I have more than a casual interest in Greece. I invest money for a living and the Greek government bonds that are about to become worthless are found scattered throughout many American mutual funds. Many of the talking heads in the financial media have talked about little else but the dangers of contagion, the notion that a sovereign default by one nation may spread like chicken pox in a Mississippi elementary school. So, I have tried my best to understand this Greek tragedy. I have read all I can find from every newspaper, magazine and think tank. After nearly two months of reading, I am no closer to the truth than I was before. What a hot mess.

This is a country that fought a bloody and acrimonious civil war after WWII, with the government eventually prevailing over the Communists in 1949. The official end of hostilities didn't happen until the formal accord was signed in the 1980's. Any discussion of Greek finances can't be made without an understanding of just how divided the country is, much of the division lingering from that civil war. Before joining the European Union in 2001, Greece was in horrible financial straights after the decade of the 1990's which saw them run insanely high budget deficits every year. Membership in the EU brought access to cheap loans and an economic revival from 2001-2007.  But eventually loans, cheap or not, have to be serviced, and when the economic crisis of 2008 came calling, Greece was hit especially hard. It has been on life support ever since, and now the creditors have had enough.
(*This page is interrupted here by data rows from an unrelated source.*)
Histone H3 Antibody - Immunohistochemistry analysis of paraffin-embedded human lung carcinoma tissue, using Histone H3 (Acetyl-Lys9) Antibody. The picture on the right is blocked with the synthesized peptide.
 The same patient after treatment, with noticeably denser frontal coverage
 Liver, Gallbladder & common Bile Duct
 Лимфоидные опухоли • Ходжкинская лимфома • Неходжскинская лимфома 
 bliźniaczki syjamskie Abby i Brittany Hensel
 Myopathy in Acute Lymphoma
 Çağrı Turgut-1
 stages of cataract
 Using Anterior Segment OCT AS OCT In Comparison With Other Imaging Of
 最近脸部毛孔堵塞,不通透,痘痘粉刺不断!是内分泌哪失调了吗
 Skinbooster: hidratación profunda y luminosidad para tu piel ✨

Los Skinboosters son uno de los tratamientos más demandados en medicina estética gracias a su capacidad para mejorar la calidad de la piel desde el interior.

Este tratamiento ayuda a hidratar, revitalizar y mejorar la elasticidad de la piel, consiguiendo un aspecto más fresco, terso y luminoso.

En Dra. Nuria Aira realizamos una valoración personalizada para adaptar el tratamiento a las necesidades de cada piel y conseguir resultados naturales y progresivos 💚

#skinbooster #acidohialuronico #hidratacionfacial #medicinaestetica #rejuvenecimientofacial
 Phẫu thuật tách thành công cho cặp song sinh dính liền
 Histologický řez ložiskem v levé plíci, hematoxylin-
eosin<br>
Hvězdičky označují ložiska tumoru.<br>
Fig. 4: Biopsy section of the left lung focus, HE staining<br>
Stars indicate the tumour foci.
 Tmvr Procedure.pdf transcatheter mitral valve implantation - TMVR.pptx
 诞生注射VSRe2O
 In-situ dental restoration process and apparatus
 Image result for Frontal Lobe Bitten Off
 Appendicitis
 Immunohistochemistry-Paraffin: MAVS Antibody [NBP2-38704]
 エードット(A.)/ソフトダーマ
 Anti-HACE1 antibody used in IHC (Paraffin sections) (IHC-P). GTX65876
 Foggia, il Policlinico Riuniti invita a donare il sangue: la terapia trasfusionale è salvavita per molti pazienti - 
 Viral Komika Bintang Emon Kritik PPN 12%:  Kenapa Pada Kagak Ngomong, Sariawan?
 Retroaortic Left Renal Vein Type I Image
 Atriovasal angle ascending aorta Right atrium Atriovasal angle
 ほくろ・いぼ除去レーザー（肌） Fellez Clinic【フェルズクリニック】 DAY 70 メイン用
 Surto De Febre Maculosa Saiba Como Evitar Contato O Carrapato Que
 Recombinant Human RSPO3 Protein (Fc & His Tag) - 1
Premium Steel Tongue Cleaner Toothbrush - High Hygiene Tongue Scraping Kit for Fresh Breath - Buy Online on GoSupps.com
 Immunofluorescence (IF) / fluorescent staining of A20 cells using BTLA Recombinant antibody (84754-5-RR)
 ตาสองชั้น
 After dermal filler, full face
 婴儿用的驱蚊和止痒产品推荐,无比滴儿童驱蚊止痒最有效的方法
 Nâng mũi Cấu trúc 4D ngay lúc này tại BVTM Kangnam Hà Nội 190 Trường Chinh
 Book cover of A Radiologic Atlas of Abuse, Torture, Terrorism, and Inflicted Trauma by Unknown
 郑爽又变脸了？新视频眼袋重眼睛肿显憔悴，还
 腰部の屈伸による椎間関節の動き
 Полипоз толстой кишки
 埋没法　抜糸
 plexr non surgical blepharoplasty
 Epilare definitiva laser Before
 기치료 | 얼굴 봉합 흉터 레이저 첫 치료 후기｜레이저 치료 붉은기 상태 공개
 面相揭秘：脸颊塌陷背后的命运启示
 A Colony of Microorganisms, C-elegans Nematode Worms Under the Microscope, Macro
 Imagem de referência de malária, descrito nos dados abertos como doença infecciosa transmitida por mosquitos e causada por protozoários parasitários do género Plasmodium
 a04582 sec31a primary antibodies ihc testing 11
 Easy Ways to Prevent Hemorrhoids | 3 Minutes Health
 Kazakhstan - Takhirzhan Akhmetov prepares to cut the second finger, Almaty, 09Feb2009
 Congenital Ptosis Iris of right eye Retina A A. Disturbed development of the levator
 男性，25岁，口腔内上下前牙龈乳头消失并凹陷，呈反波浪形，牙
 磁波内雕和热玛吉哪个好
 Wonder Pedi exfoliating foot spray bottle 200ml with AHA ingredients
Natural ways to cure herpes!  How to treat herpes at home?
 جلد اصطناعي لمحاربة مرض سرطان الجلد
It's quite hard to pick out one thing to blame for Greece's troubles. It's more like a combination of many bad habits coming together at the worst possible time. Over the last twenty years public sector job growth has far outpaced the private sector, which I suppose is inevitable when you have a government which is asked by Greek citizens to do so many things. But when a huge number of your citizens work for the government, then the public sector unions become key to every politicians' success. Accordingly, they get most everything they want, from generous leave, to insanely rich pensions. Luckily for Greek politicians, the people being counted on to pay for these pensions have yet to be born and consequently can't vote. You would think that a nation so enamored with the welfare state would be willing to actually, you know...pay their taxes. But no...the Greek black market is the only part of the Greek economy that is thriving. Off the books, cash transactions are ubiquitous in a country starved for revenue. 

Greece has everything that Bernie Sanders loves, high taxes on the rich( which don't get paid), a huge and omnipresent government involved in every sphere of daily life, universal health care, powerful unions, a relatively small military, with soldiers who have seen their pay cut by 40%. No one in the country seems much interested in making a profit or building anything. Thus freed from the American preoccupation with mammon, the Greek citizenry is free to enjoy long paid holidays, and retirement with a generous pension while in their 40's. For those unlucky enough still to be in the work force, they can look forward to receiving 14 monthly pay checks, the two extra "months" a clever scheme dreamed up by the government to keep overall monthly wages lower since the ridiculously generous pensions are based on monthly pay. Workers can also receive bonuses for simply showing up to work...on time. These are the working conditions under which Greeks labor...after five years of grim austerity. This and baklava? What a country!

So today they go to the polls to vote for more austerity, or to stiff their creditors and leave the EU, the consequences of which even its proponents don't fully understand.

The lesson for us would seem to be...don't be like Greece. A good question to ask every Presidential candidate next year might be, " What policies will you put in place to insure that the United States never becomes Greece?"